Repeat exactly, and only, the lines from the one containing "Sam 73 Μαύρο" through the end of the records.

● ● ● ●

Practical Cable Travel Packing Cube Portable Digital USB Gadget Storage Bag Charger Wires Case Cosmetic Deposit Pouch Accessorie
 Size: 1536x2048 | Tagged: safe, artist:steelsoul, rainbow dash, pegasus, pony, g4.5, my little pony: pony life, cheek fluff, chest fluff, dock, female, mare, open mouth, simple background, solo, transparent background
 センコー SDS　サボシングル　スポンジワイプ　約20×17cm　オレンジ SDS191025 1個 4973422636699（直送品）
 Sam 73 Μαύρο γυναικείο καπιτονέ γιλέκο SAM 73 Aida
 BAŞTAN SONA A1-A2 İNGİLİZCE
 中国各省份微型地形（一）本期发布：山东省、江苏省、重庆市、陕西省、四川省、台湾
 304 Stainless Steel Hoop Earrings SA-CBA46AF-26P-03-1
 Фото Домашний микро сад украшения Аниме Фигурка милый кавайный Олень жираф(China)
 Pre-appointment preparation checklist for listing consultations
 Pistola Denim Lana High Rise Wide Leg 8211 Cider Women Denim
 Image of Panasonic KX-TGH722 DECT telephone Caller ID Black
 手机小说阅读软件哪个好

● ● ● ●

### Worked solution
 Sam 73 Μαύρο γυναικείο καπιτονέ γιλέκο SAM 73 Aida
 BAŞTAN SONA A1-A2 İNGİLİZCE
 中国各省份微型地形（一）本期发布：山东省、江苏省、重庆市、陕西省、四川省、台湾
 304 Stainless Steel Hoop Earrings SA-CBA46AF-26P-03-1
 Фото Домашний микро сад украшения Аниме Фигурка милый кавайный Олень жираф(China)
 Pre-appointment preparation checklist for listing consultations
 Pistola Denim Lana High Rise Wide Leg 8211 Cider Women Denim
 Image of Panasonic KX-TGH722 DECT telephone Caller ID Black
 手机小说阅读软件哪个好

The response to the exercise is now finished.